К чему же послужили г-ну К. романтическая свобода и такие страшные изменения истории? К тому, чтобы изобразить несколько театральных сцен. В этом нельзя отказать г-ну Кукольнику: такие сцены у него есть, но это самое последнее достоинство драмы, и подобные эффекты найдете в каждой мелодраме. Не того требуем мы от истинного поэта: требуем поэтического создания, истинной драмы.
Мы слышали, что сочинение г-на К. заслужило в Петербурге много рукоплесканий на сцене {Сам царь Николай I был доволен этой премьерой.}. Но рукоплескания зрителей не должны приводить в заблуждение автора. Каждое слово, близкое русской душе, каждая картина, хоть немного напоминающая родное, могут возбуждать громкие плески. ‘Димитрий Донской’ Озерова {Трагедия ‘Димитрий Донской’ написана В. А. Озеровым в 1807 г.} — эта решительная ошибка дарования сильного, ‘Пожарский’ Крюковского — где нет и тени драмы — обе сии пьесы в свой черед заставляли зрителей рукоплескать. И как часто, даже ныне, сильный стих Озерова или Крюковского:
Кто слову изменит, тому да будет стыдно,
или —
В отечестве драгом, в родимой стороне,
Как мило сердцу все, как все любезно мне —
заставляют зрителей хлопать. Я помню представления ‘Димитрия Донского’ и ‘Пожарского’ в Москве в 1812 году. Надобно было слышать, какой страшный гром рукоплесканий раздавался тогда при стихе:
И гордый, как скала кремнистая, падет!
Когда Пожарский произносил:
Россия не в Москве, среди сынов она,
Которых верна грудь любовью к ней полна!
‘Ура!’ сливалось тогда с оглушающим криком: ‘Charmant!’, ‘Браво!’ Многие из зрителей плакали от умиления. Тогда же играли драму Глинки ‘Минин’ — и стены театра дрожали от плеска и крика при словах Минина:
Бог сил! предшествуй нам, правь нашими рядами,
Дай всем нам умереть отечества сынами!
Наши старики сказывают, что также некогда встречали они рукоплесканиями трагедию Хераскова. — Счастливых, сильных стихов в драме г-на К. довольно, хотя вообще стихосложение в ней очень неровно. Мы думаем, это происходит от того, что драма в сущности своей не выдерживает никакой критики. Подробности являются из основания, а стихи из подробностей, и если основание плохо, то и все бывает неловко, несвязно и натянуто.

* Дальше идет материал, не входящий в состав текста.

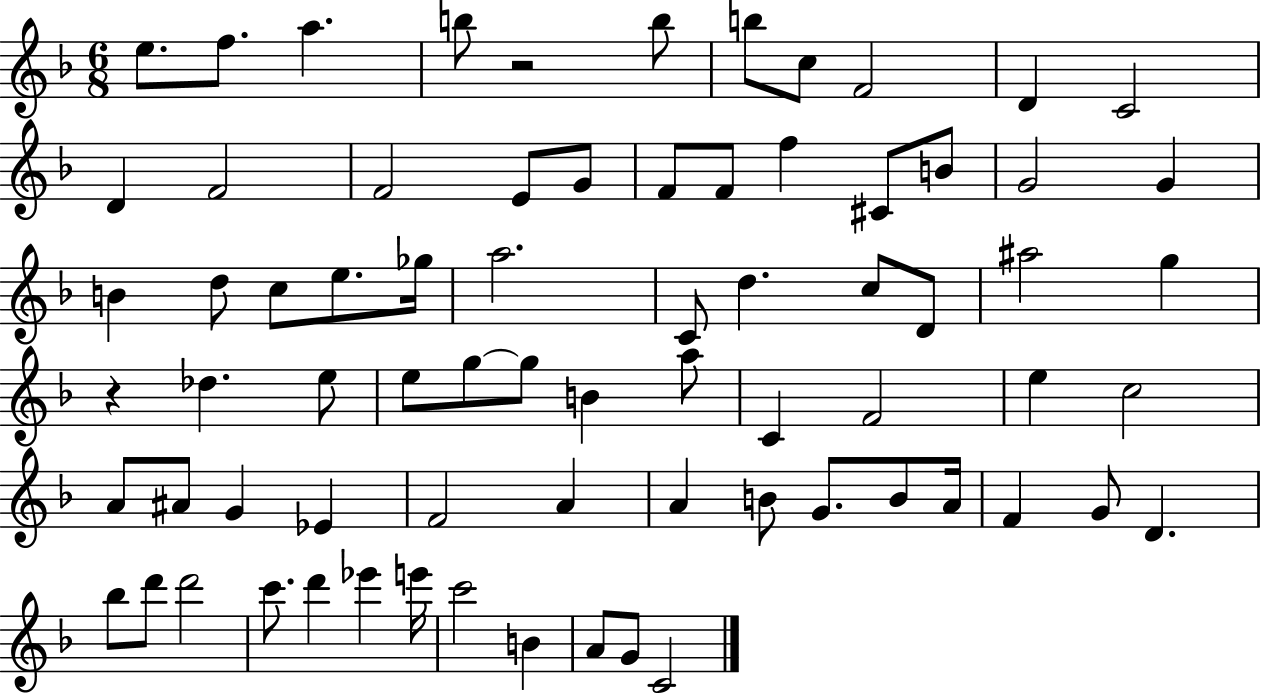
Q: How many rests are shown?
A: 2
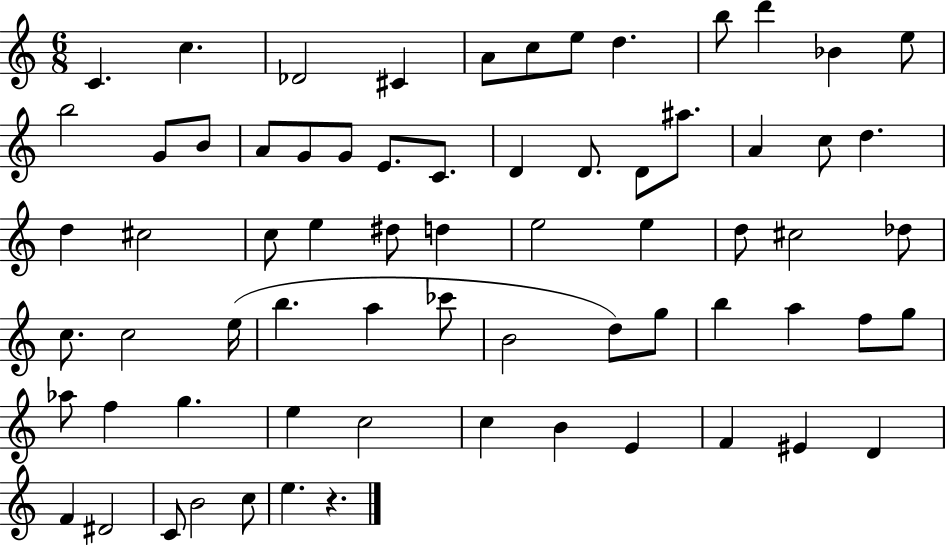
C4/q. C5/q. Db4/h C#4/q A4/e C5/e E5/e D5/q. B5/e D6/q Bb4/q E5/e B5/h G4/e B4/e A4/e G4/e G4/e E4/e. C4/e. D4/q D4/e. D4/e A#5/e. A4/q C5/e D5/q. D5/q C#5/h C5/e E5/q D#5/e D5/q E5/h E5/q D5/e C#5/h Db5/e C5/e. C5/h E5/s B5/q. A5/q CES6/e B4/h D5/e G5/e B5/q A5/q F5/e G5/e Ab5/e F5/q G5/q. E5/q C5/h C5/q B4/q E4/q F4/q EIS4/q D4/q F4/q D#4/h C4/e B4/h C5/e E5/q. R/q.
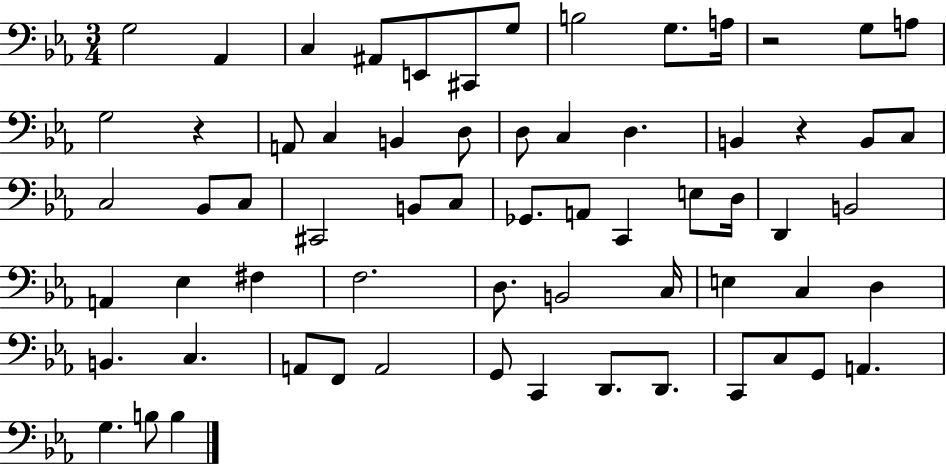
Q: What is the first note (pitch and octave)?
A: G3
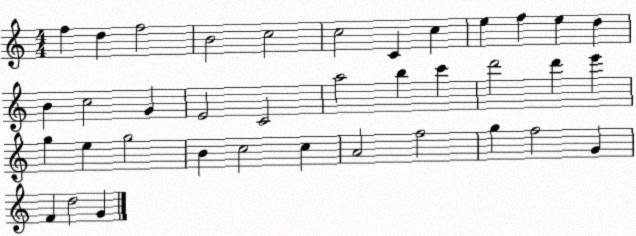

Почитаем не нужным излагать и разбирать подробно новую драму г-на К. О ней довольно писали в петербургских журналах, уверяя, что г-н К. ‘первый представил нам драму истинно народную, русскую, дюжую, плечистую’ {Такой отзыв дала ‘Северная пчела’ Булгарина (1834, N 1).}.— Преувеличенная и притом такая странная похвала, что недоверчивому писателю всего легче почесть ее за тонкую насмешку! Вероятно, дюжую, плечистую драму г-на Кукольника не замедлят дать на московском театре, и, вероятно, она пойдет после того за уряд с ‘Пожарским’ Крюковского, хотя по времени и по отношениям Крюковскому надобно отдать преимущество перед его последователем и соперником.